I really hope there is some miraculous logic behind the road renovations happening all over town. The roads that are renewed already look beautiful. However, I can make a wild, 'educational' guess that closing down several main roads (we're talking about the auto-vein of K Town and other important branches) all at once does indeed cause a major crisis.
What I have heard recently from sources that are not necessarily to be trusted, is that different companies are working on different roads. Yay diversity? Or, alas, chaos? Again, I do sincerely hope there is some sort of agreement in planning.

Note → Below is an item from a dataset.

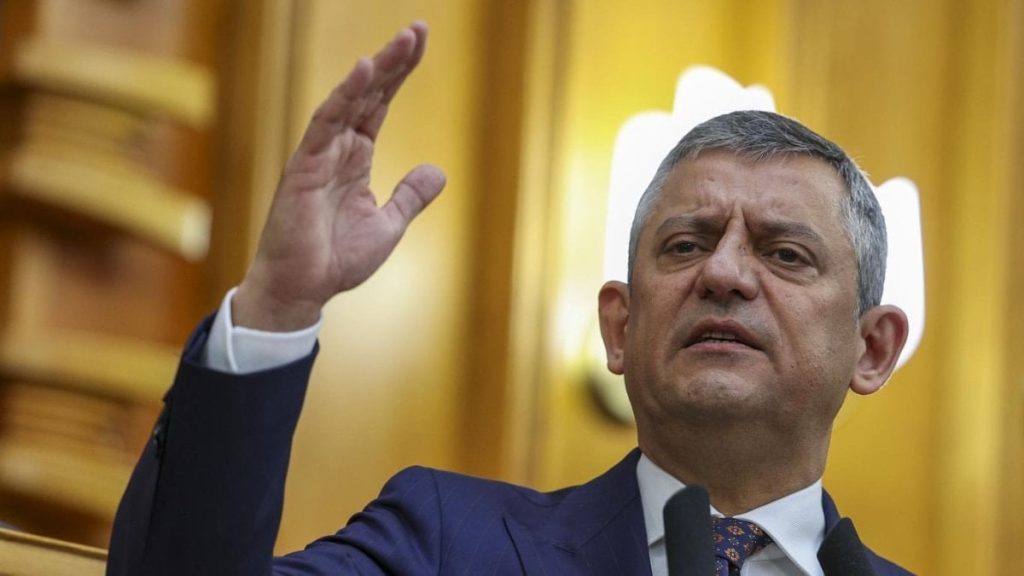 Özgür Özel’in de aralarında olduğu 3 CHP’li isim için TBMM’ye fezleke gönderildi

Another interesting road-related phenomenon is the scraping of the roads. I understand that you need to scrape around 20 centimeters of the asphalt when renovating the road, so you can basically put on a fresh, 'even' layer later on. I have seen an aesthetically intriguing, but practically troubling, scraping of some of the smaller roads - specifically ones that feed into living quarters. It happened to be that some cars were parked during the process, and the scraping machines, though intended to scrape in straight lines, had to curve around the cars and continue with their task. What my Dad told me yesterday is that there is probably no intention of getting rid of that island of old asphalt under hundreds of parked cars. The end result will be a new road with car-wide uneven patches on the sides. Now of course, the new yellow and white lines will make everything look better, so no need to worry, for car tires will be just fine.
Just a side, less important question - WHY DIDN'T THEY ASK PEOPLE TO MOVE THEIR CARS?
I am amused because I find myself writing with the enthusiasm of a driver... but passengers can feel the road too!